First stage gear or gerotor pumps are missing, while they have their In order to perform the intended functions, two-stage pumps require the proper efficiency in power conversion compared to reciprocating piston pumps. Poor utilization of the power supplied by the motor or other prime mover used to drive the pump requires that the bypass pressure, that is, the pressure at which the effluent from the first stage is discharged to tank pressure, be lower than would be the case with a more efficient pump. Also, gear and gerotor pumps require at least two precision gears to mesh with each other in order to operate properly. Therefore, they are very sensitive to damage or to the hydraulic fluid they pump. Also, gear or gerotor pumps sometimes operate at a noise level that is intolerable for some applications.

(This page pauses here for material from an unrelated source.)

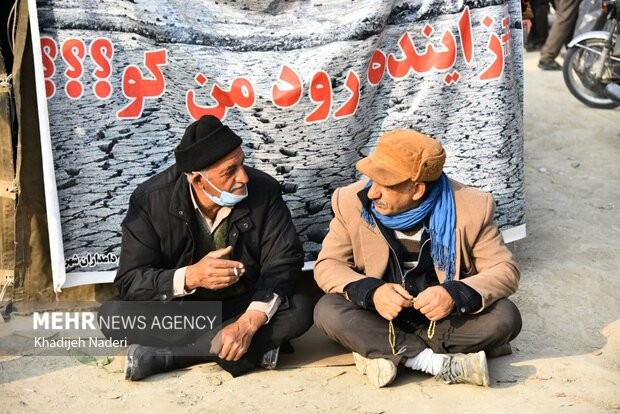 پایان تحصن کشاورزان اصفهان/ لازم است به مسئولان جدید اعتماد کنیم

In two-stage pumps, which use a first-stage gear or gerotor pump and a second-stage reciprocating piston pump, the mechanisms used to drive the two different stages are also completely different, although in many cases the same shaft is used. However, the different types of mechanisms used to drive the two different types of pumps in the two stages require a relative complexity, a relatively high number of parts, and a relatively large housing to accommodate the two stages.

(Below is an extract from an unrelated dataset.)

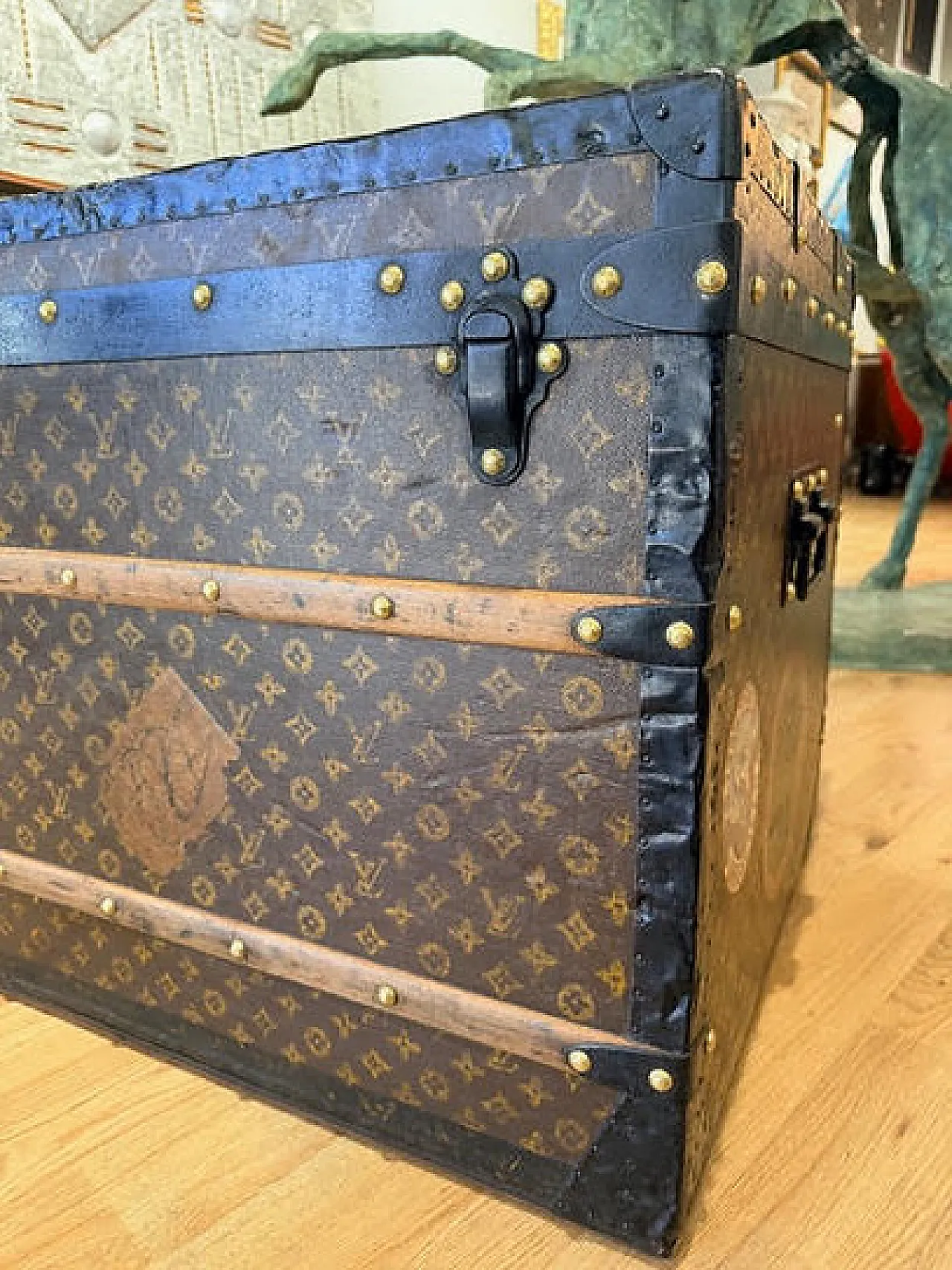 Louis Vuitton travel trunk, early 20th century 8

Additionally, in cyclic hydraulic pumps, such as reciprocating hydraulic pumps, where the pressure changes during a pumping cycle, the pressure in the fluid is developed very early in the compression phase because the hydraulic fluid is relatively incompressible. Similarly, the pressure drops very rapidly in the suction or intake phase of the cycle. Such rapid pressure changes can lead to efficiency losses in the pump's power application.

In addition, the incompressibility of the hydraulic fluid can result in the power capacity of the primary mover of a cyclic pump having to be met at a relatively high pressure.

The bypass pressure must be set so that it occurs before the power capacity of the prime mover is reached. When the bypass pressure is reached, the bypass valve opens, resulting in a relatively large pressure drop in the flow. The result is that after the bypass valve opens, only a relatively small fraction of the available power is utilized over a considerable range of pressure values.

Summary of the invention

The invention provides a two-stage hydraulic pump of the type having a first-stage pump for supplying a hydraulic fluid flow of relatively large volume and low pressure and a second-stage pump for supplying a hydraulic fluid flow of relatively small volume and high pressure, which overcomes the disadvantages mentioned. In a pump according to the invention, the first-stage pump is a reciprocating piston pump having a first-stage piston reciprocable in a first-stage cylinder, the two-stage pump is a piston pump having a second-stage piston reciprocable in a second-stage cylinder, and the two-stage piston is driven by the first-stage piston to compress the fluid.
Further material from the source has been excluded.